The Boxtrolls' main enemy is Archibald Snatcher (voiced brilliantly by Ben Kingsley), an overweight, overbearing cretin whose desire to join the ranks of the White Hat aristocracy knows no bounds. Snatcher has positioned himself as a Boxtroll exterminator, and along with his three henchmen (voiced by Tracy Morgan, Nick Frost and Richard Ayoade), aims to rid the city of the perceived vermin, a feat he expects will get him his cherished seat among the city's elite. (In reality the White Hats want nothing to do with this boorish jerk.)
To be fair, notions of genocide and underground monsters aren't necessarily the lightest you can offer an audience of adolescents, but THE BOXTROLLS' tone is breezy and charming; the Boxtrolls themselves, with their garbled language and funky appearances, are harmless and sweetly awkward. Snatcher is a blowhard, goofy instead of scary, and Kinglsey's exaggerated drawl is a terrific match for the character's pompous exterior. (It is admittedly a bit freaky when Snatcher, allergic to cheese, breaks out in disgusting hives after consuming it.) I can't speak for young children because I haven't been one in a very long time, but I'm going to guess kids will be more delighted than frightened by the film's outlandish characters and set-pieces. (CORALINE, on the other hand, is a much more troubling experience, for my money.)In terms or overall message, THE BOXTROLLS isn't reinventing the wheel. "Just be yourself" and "can't we all get along?" are the main themes here, though the film flirts with having something to say about classism and racism in brief passages. Like the titular characters, the film is frequently ungainly and silly; you can't exactly call it nuanced. But if you don't necessarily come away in awe of its simple story, the breathtaking animation should definitely leave an impression. The folks at Laika have now made three completely visually arresting movies, each unique in terms of tone, and here they've convincingly made a storybook world that is nothing short of spectacular to behold.

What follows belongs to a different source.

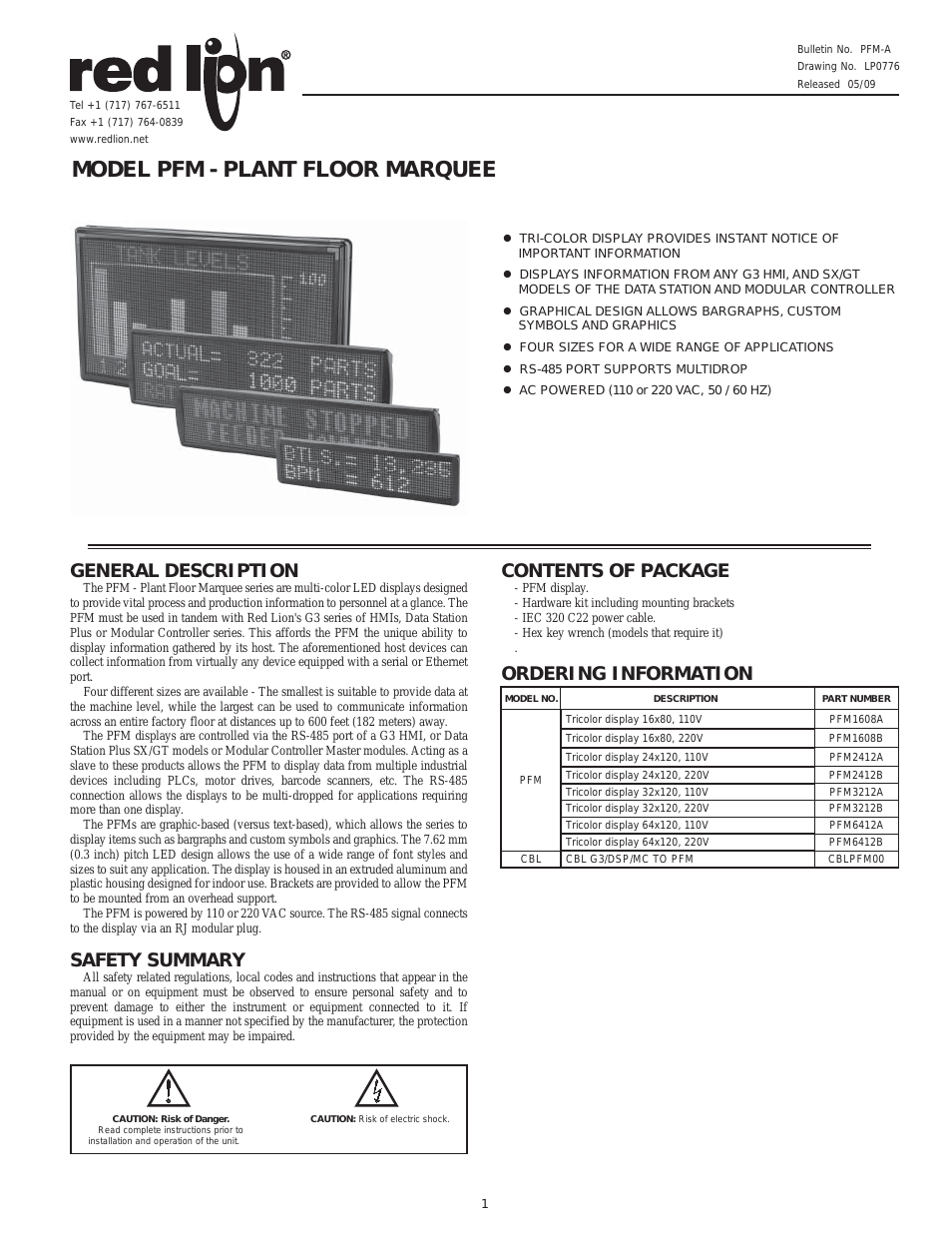 PFM - Plant Floor Marquee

Directors Anthony Stacchi and Graham Annable have assembled an excellent voice cast, predominantly British, which will certainly earn this movie comparisons to the films of Aardman Animations. Kingsley handily steals the show, but Harris, Frost and Ayoade all bring their vocal A-game; Toni Collette and Simon Pegg have small but memorable roles as well. Basically, everyone is working at a very high level in THE BOXTROLLS, which I sincerely hope finds an audience attuned to its nutty ways.